I can barely follow him, but it sounds more like a construction project than a surgery, like welding iron rods together to bolster the frame of a building. I feel profoundly resistant to anyone cutting into my back, but what choice do I have? Dr. Assam is making it clear there is none. I close my eyes and a collage of images that have become etched in my subconscious float through the darkness.

Kuwaiti torture victims heaped on top of one another in the morgue.

A piece of a dead Iraqi soldier on my pant leg, my boots covered with thick, warm blood.

Afghans missing arms and legs, third-degree burns covering what's left of their bodies.

Starving African infants with distended bellies and faces covered with black flies.

Kurdish mothers in refugee camps with glazed eyes clutching dead babies in their arms.

Palsied Bolivian kids slowly dying as they smoke basuco in holes scratched in a dry riverbed.

Orphaned Filipino children living in a rancid garbage dump alongside snakes, vultures, and wild pigs.

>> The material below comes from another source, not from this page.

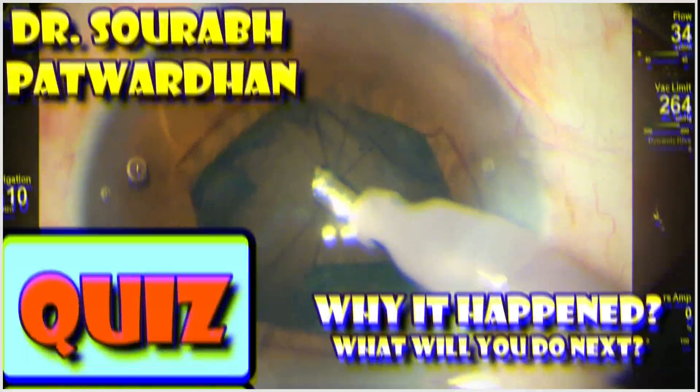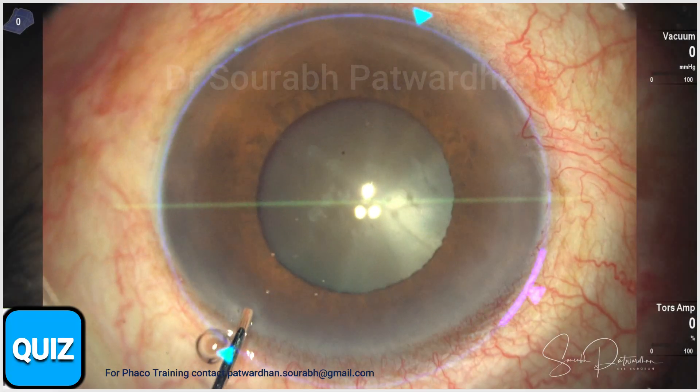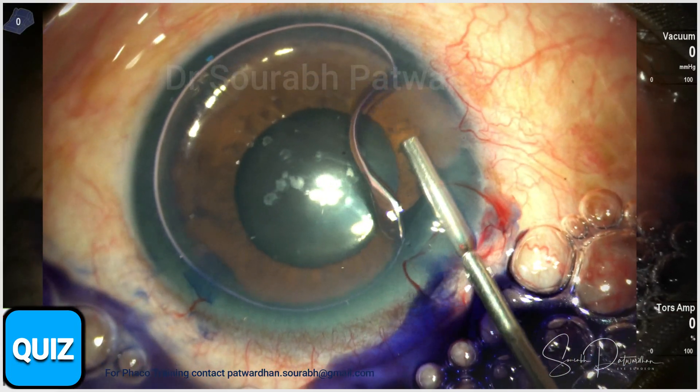Hello friends. I think this is the moment that will test you as a surgeon. This is a quiz about why it happened and what you will do differently for such cases.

My chronic pain and this surgery are nothing by comparison. I have always feared missing work more than I ever feared war zones or injuries, but there's really no choice. To pump myself up, I have a little inner conversation:
This is great
, I tell myself,
I only have to miss three or four weeks and it will mean an end to all these years of pain!

“The surgery takes at least two hours,” Dr. Assam says, breaking my little pep talk. “Then there's a recovery process during which you'll be in a large body brace. You'll need to rest and relax, then, eventually, do some physical therapy. Depending on how quickly the fusion takes, you could be back to work in less than six months.”

Six months!
I can't miss that much work. So I negotiate, pressing for the earliest possible date I can return to the field if everything goes perfectly. I'm still slurring my words and it's hard to stay focused, but I push Dr. Assam hard even though I can tell he's not used to this. When I have him down to a “best of all worlds” scenario of less than two months, I say, “Okay, let's get it over with.”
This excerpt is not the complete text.